What COULD top that for a young Republican lawyer? Suing ACORN? Prosecuting the mythical New Black Panther Party? Winning an award from the Federalist Society?

Her former boss--Lavis is now an associate for the Rhoads & Sinon law firm in Harrisburg, the same law firm that employs Linda Thompson handler James Ellison--opposed Kagan's nomination to the Supreme Court, as did all but about four other Republicans. Kagan was Solicitor General of the United States and dean of the Harvard Law School, but that wasn't enough for Lavis. "As a woman, I admire her accomplishments"--nice condescension--"but I [as a 25-year-old first year associate] do not believe she is qualified to sit on the Supreme Court."

Whew! Good thing she wasn't around when Sen. Hugo Black of Alabama, a personal injury lawyer who had briefly been a police court judge, was nominated by Franklin D. Roosevelt to the Supreme Court and went on to become one of the most influential Justices of the 20th century.

Then there's the matter of who she was working for. Her former boss, Senator Sessions, was only the second nominee for a federal district court judgeship in 48 years to be rejected by the Senate Judiciary Committee when his nomination came before the committee in 1986. President Reagan then withdrew the nomination. Sessions had a bad habit of making comments that called his commitment to civil rights for blacks into questions. There was testimony that he referred to the ACLU as a "Communist" organization that "forced civil rights down the throats of people." Then there was the howler--he later defended it as a "joke"--that "I was okay with the Klan until I found out they smoked pot." Or that he referred to a black assistant U.S. Attorney as "boy." It's that last one that chills the soul, that really ought to bring any conversation to a halt.

That's who Lavis was doing opposition research for.
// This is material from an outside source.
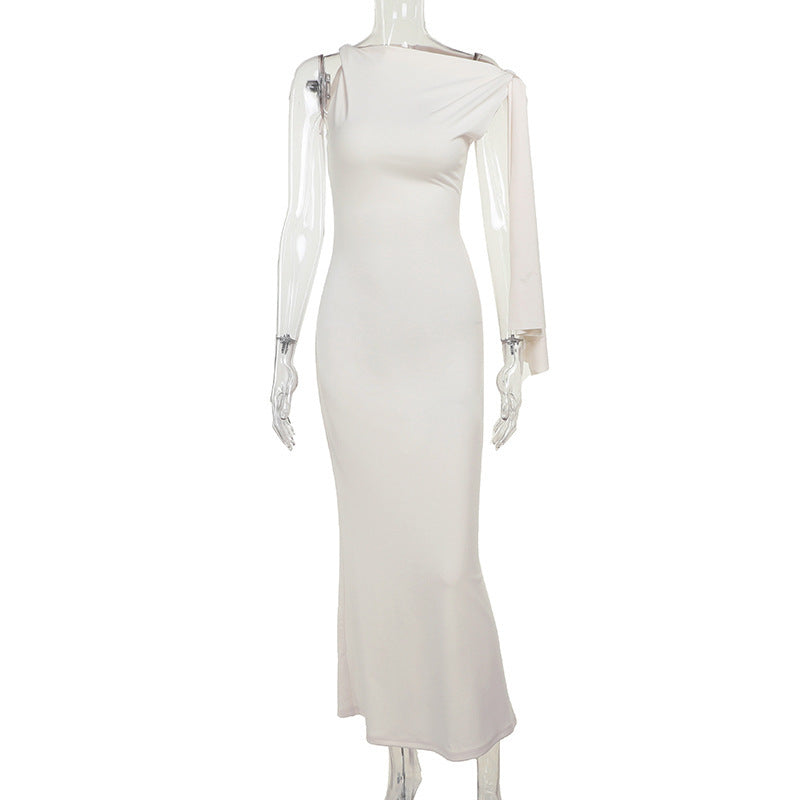 Elegant Sheath Women's Dress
Way to go Messiah! Sessions, by the way, will become chairman of the Judiciary Committee if the Republicans retake control of the Senate in November. I don't think that's going to happen, but I'll save my thoughts on that for another day.

June 21, 2010

Mayor Linda Thompson to Bill Cluck: Bye, Bye (For Now)

Mayor Linda Thompson today gave the boot to three members of the Harrisburg Authority who were appointed about six weeks ago by Harrisburg City Council. The trio included her chief critic, lawyer Bill Cluck, who was well along with plans to have a forensic audit conducted of the Harrisburg Authority's transactions during the reign of Rhodes & Sinon partner James Ellison, especially regarding the infamous city incinerator. Cluck didn't even get a courtesy call.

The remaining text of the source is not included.